Rolling Update Not Working

Hi I am experiencing issues when re-deploing a multi-replica setup on K8.
What I am finding is if I do a full delete of all created k8 object and then deploy everything again it launches as expected however when attempting to do a rolling update over the existing pods the first new replica to be added experiences the following errors repeatedly:

{"action":"startup", "error":"could not load or initialize schema: sync schema with other nodes in the cluster: read schema: open transaction: broadcast open transaction: host "xxx.xx.xx.xxx:7001": unexpected status code 401 ()", "level":"fatal", "msg":"could not initialize schema manager"}

The rolling update then just get stuck in a crashback loop while this repeatedly happens.
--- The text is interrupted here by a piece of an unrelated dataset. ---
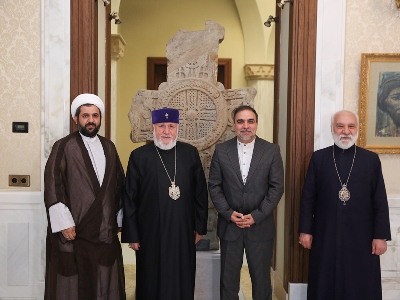 Կաթողիկոսն Իրանի դեսպանատան Մշակույթի կենտրոնի ղեկավարի հետ քննարկել է Ադրբեջանի ագրեսիան Արցախի դեմ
Any help that can be offered would be greatly appreciated.

Hi!

Just to confirm, you are using our helm chart, right?

It seems some connectivity issue between pods :thinking:

Yes using your helm templates

Can you detail the steps? I would like to reproduce this.

Thanks!

I’m using the helm chart and observing the same issue, I use ArgoCD to manage my weaviate deployment, after one pod gets replaced, the others would report that the pod is not available but will be always trying to reach it in its old IP address, somehow the old pods will never figure out what the new pod IP address is, I don’t know which resource is the responsible of updating the IP is.

This behaviour however doesn’t occur if one of the pods is deleted, when the pod is deleted the rest of the pods will notice that it went away and after some time the new one is created they will stop reporting the error.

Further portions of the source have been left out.